◆ ACTION ITEM ◆
Give back the whole listing verbatim, printing none of its pictures.

===== AVAILABLE RECORDS

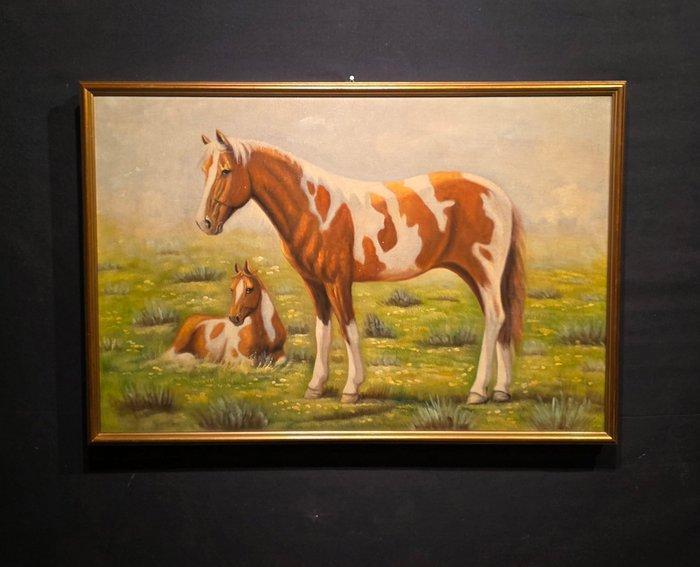 Italiaanse school (XX) - Cavalli, Antiquités & Art, Art | Peinture | Classique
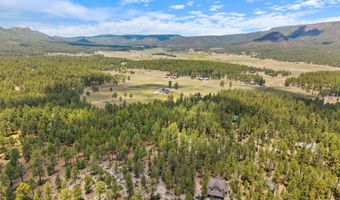 98 County Road 2266, Alpine, AZ 85920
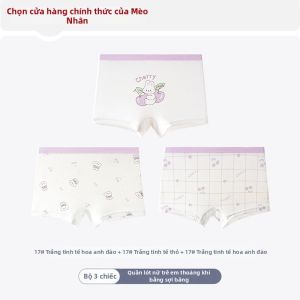 MiiOW | Quần Lót Góc Bốn Chống Khuẩn Icy Silk Cho Nữ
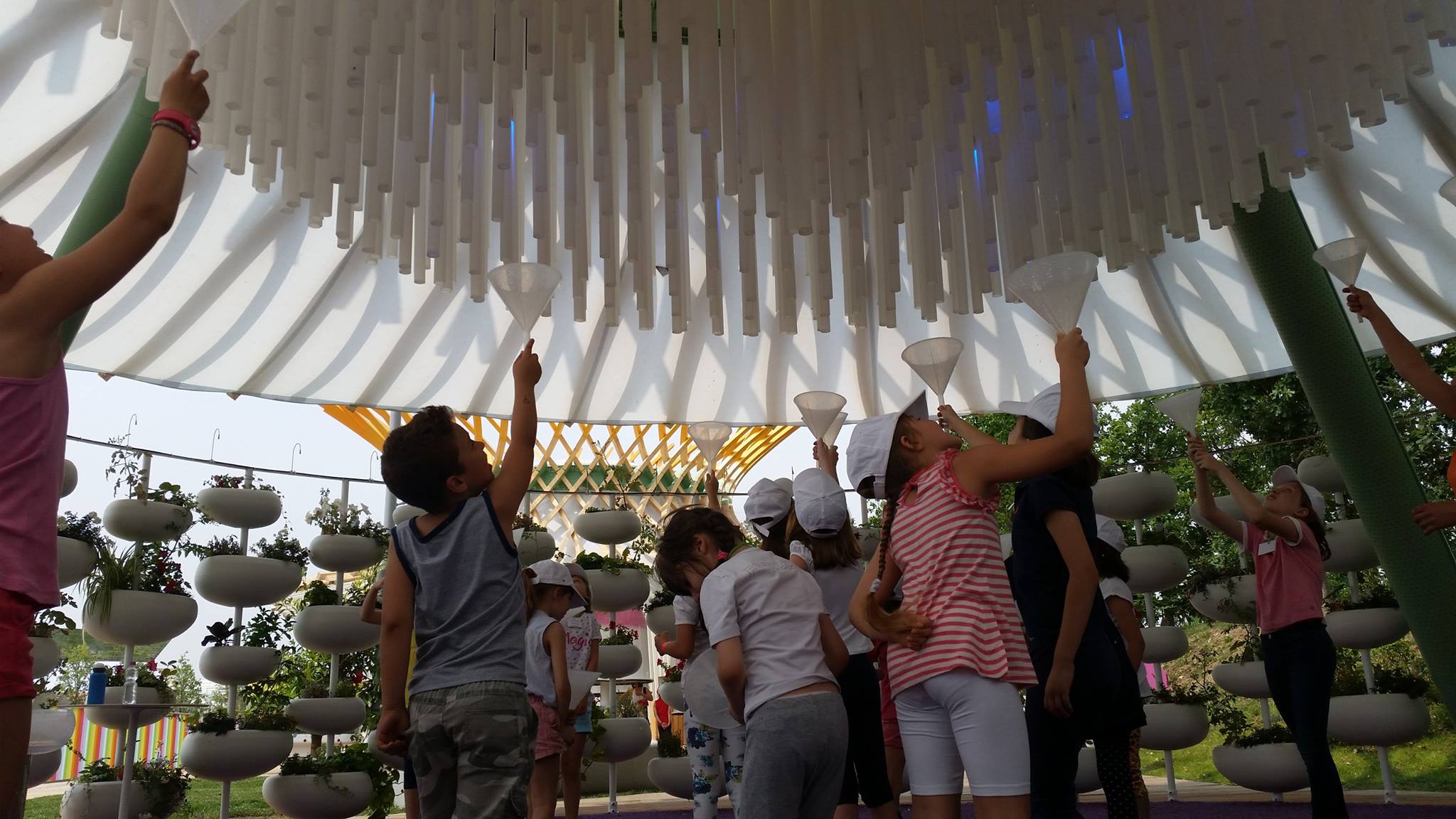 expo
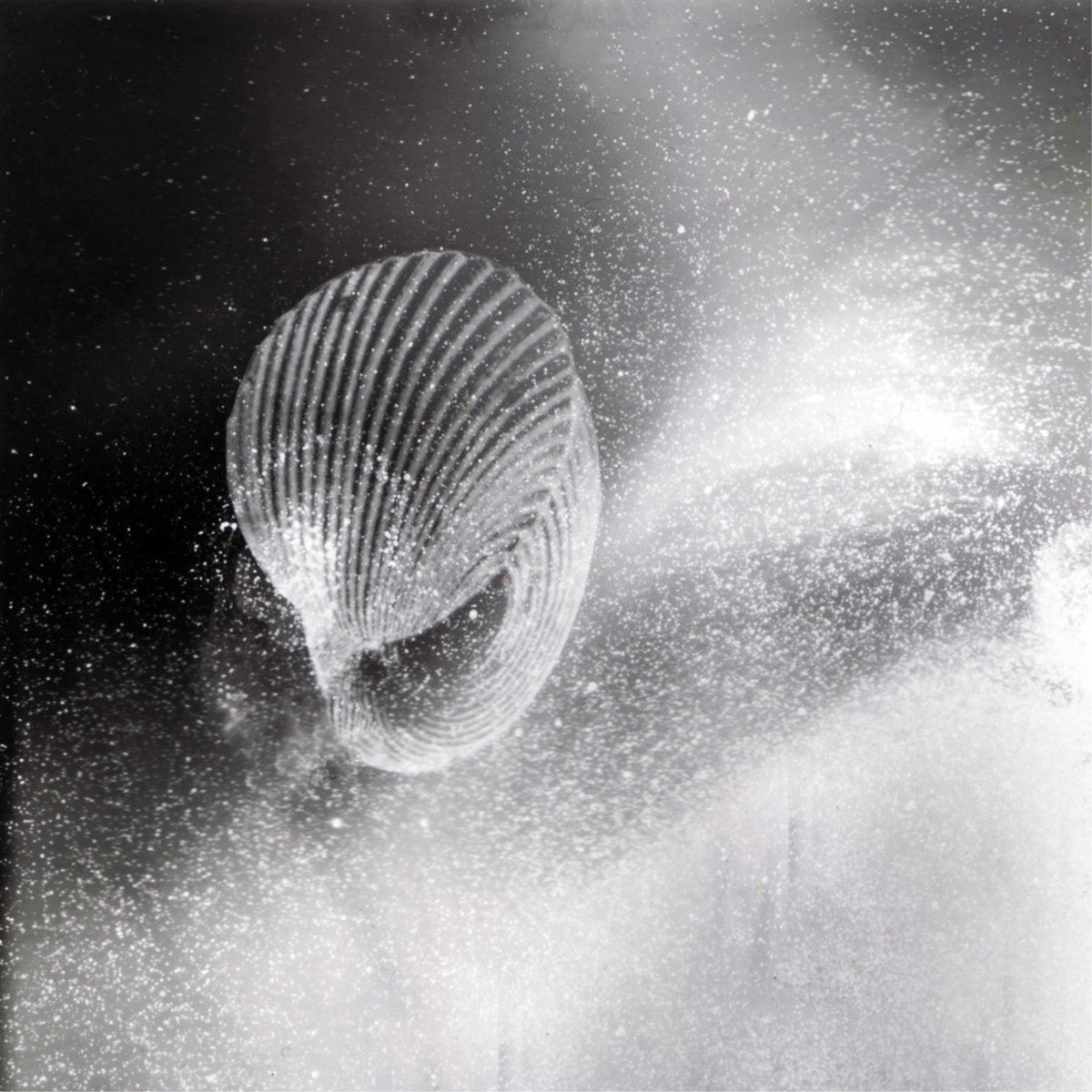 Raccoglimento Parziale – Homoheterogeneity - Inverted Audio Record Store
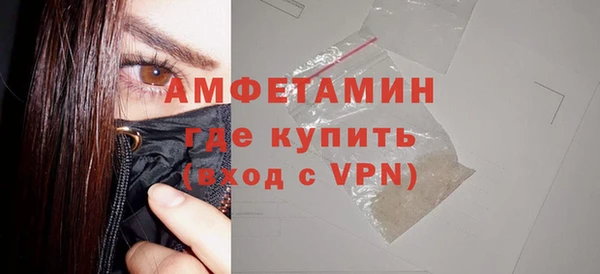 прущие грибы Абинск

==========

◆ RESPONSE BELOW ◆
 Italiaanse school (XX) - Cavalli, Antiquités & Art, Art | Peinture | Classique
 98 County Road 2266, Alpine, AZ 85920
 MiiOW | Quần Lót Góc Bốn Chống Khuẩn Icy Silk Cho Nữ
 expo
 Raccoglimento Parziale – Homoheterogeneity - Inverted Audio Record Store
 прущие грибы Абинск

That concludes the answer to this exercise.